Optionally, define other settings for the instance group:
- Consumers and resources: The default top-level consumer is a consumer with the same name as the instance group (for example, if your instance group name is ABC, then the default top-level consumer is /ABC). The top-level consumer represents the entire cluster and all its resources. The default resource group is ComputeHosts. To modify either of these, see Setting consumers and resource groups for an instance group.
- Spark Shuffle service: To use the shuffle service when your instances (instance groups, Anaconda distribution instances, and application instances) are deployed to a shared file system, see Enabling and configuring the Spark shuffle service.
- Containers: To set up the instance group to run within Docker or cgroup containers, see Setting Docker/cgroup container definitions for an instance group. Note that the Containers tab is only available with certain Spark versions. Spark versions not supported: 1.5.2.

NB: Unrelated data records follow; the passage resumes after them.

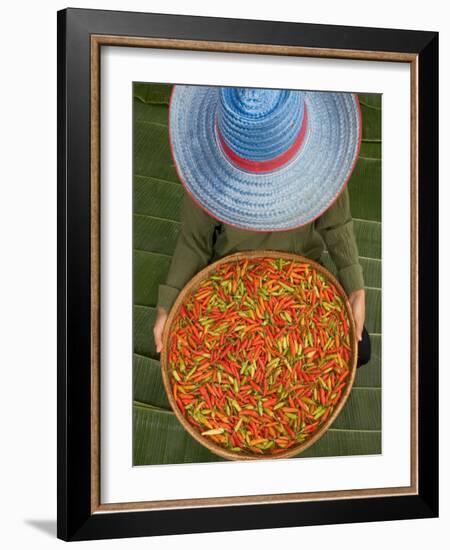 Farmer Selling Chilies, Isan region, Thailand-Gavriel Jecan-Framed Photographic Print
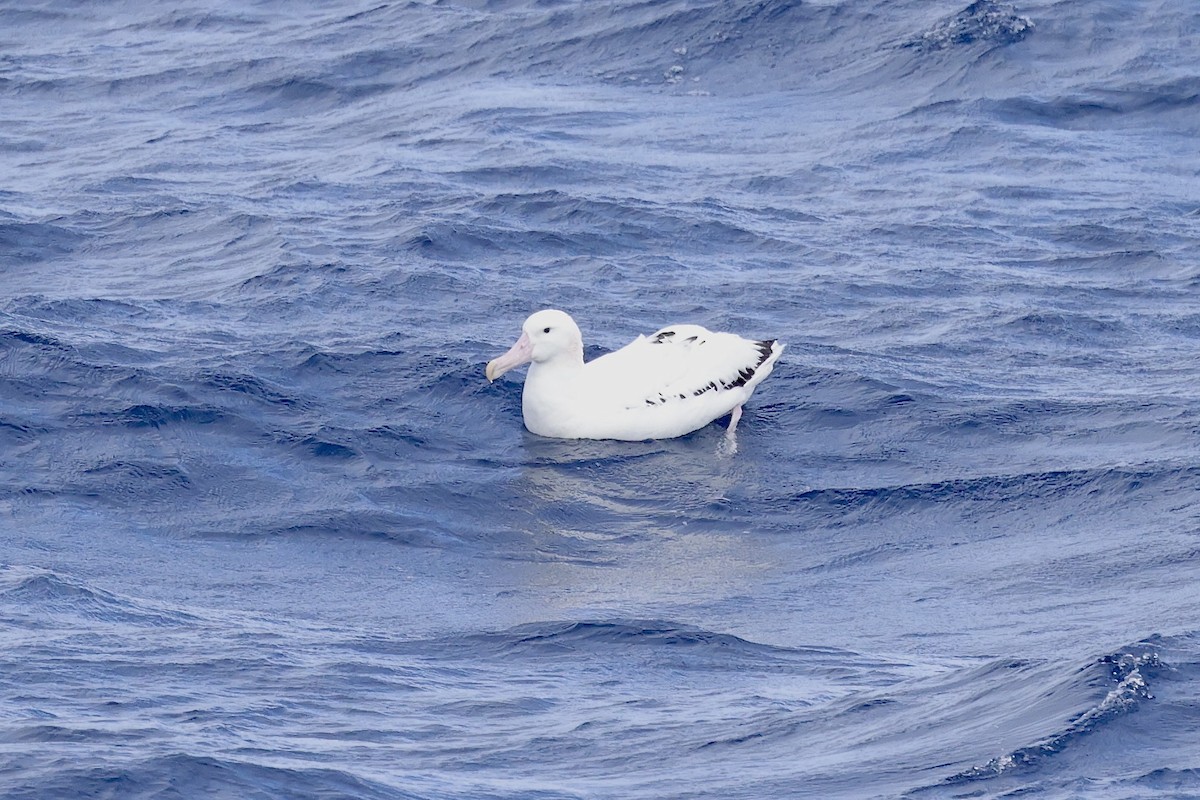 Snowy Albatross - ML535226531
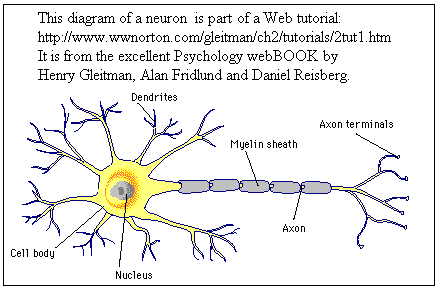neuron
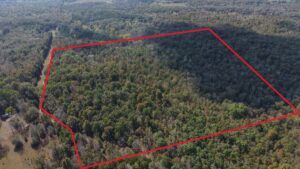 Property photo for land for sale in Izard County Arkansas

- Packages: To add any extra packages that applications in the instance group require, see Adding dependent packages.
- Data Connectors: To add data connectors to the instance group, see Adding data connectors.
Create and deploy the instance group.
- Click Create and Deploy Instance Group to create the instance group and deploy its packages simultaneously. In this case, the new instance group appears on the Instance Groups page in the Ready state. Verify your deployment and then start the instance group.
- Click Create Only to create the instance group but manually deploy its packages later. In this case, the new instance group appears on the Instance Groups page in the Registered state. When you are ready to deploy packages, deploy the instance group and verify the deployment. Then, start the instance group.